Right now in my life my main focus is on school and my mental health. I don't really have room for a relationship. I just couldn't deal with that drama. Don't worry, I get my drama fix from reality TV. Sleeping alone isn't my favorite thing. I miss laying in bed with a boyfriend and just talking until I drift off to sleep. Sometimes in life you have to give up things. Right now for me that is having a boyfriend.
Health and school are my #1 priorities. I can't let myself slip into a relationship and begin to drift away from my life goals right now. I never finish anything I start, but this time I want to. Online school is COMPLETELY different than going to school on campus. You have to learn self discipline and you have to keep to a schedule or you'll fall behind. I tried the whole relationship thing last summer while I was doing school and it showed. My grades were suffering because I was trying to be there for my boyfriend and give him the time he wanted and I would just blow off certain assignments.

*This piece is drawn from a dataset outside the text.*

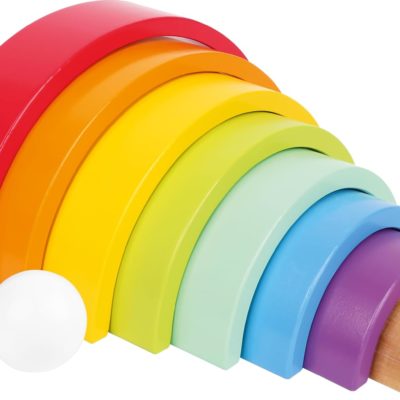 Blocs de construction arc-en-ciel Montessori Small Foot pour enfants dès 12 mois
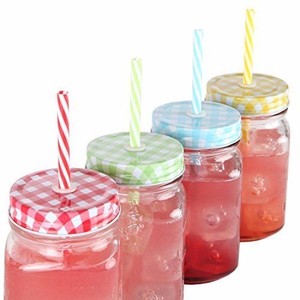 Pot d'accessoires <span class=keywords><strong>en</strong></span> <span class=keywords><strong>verre</strong></span> pour maçon de cuisine, avec couvercle <span class=keywords><strong>en</strong></span> fer blanc, <span class=keywords><strong>paille</strong></span> <span class=keywords><strong>en</strong></span> plastique - Product Image 2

In life you don't always get what you want. I want a relationship but I know I need to finish school. I've never gotten anything I wanted out of life besides an amazing family. I wasn't born with a silver spoon and I love that. My family have taught me that you have to work hard for what you want. That you may have to give up something you really want in order to get something you need. Some families don't have this distilled in them. I'm fortunate enough to have two very strong parents who have been through hell and back to provide for their family.
In the future I know I will find my soul mate. As for right now, I'm going to make sure I'm ready for that day.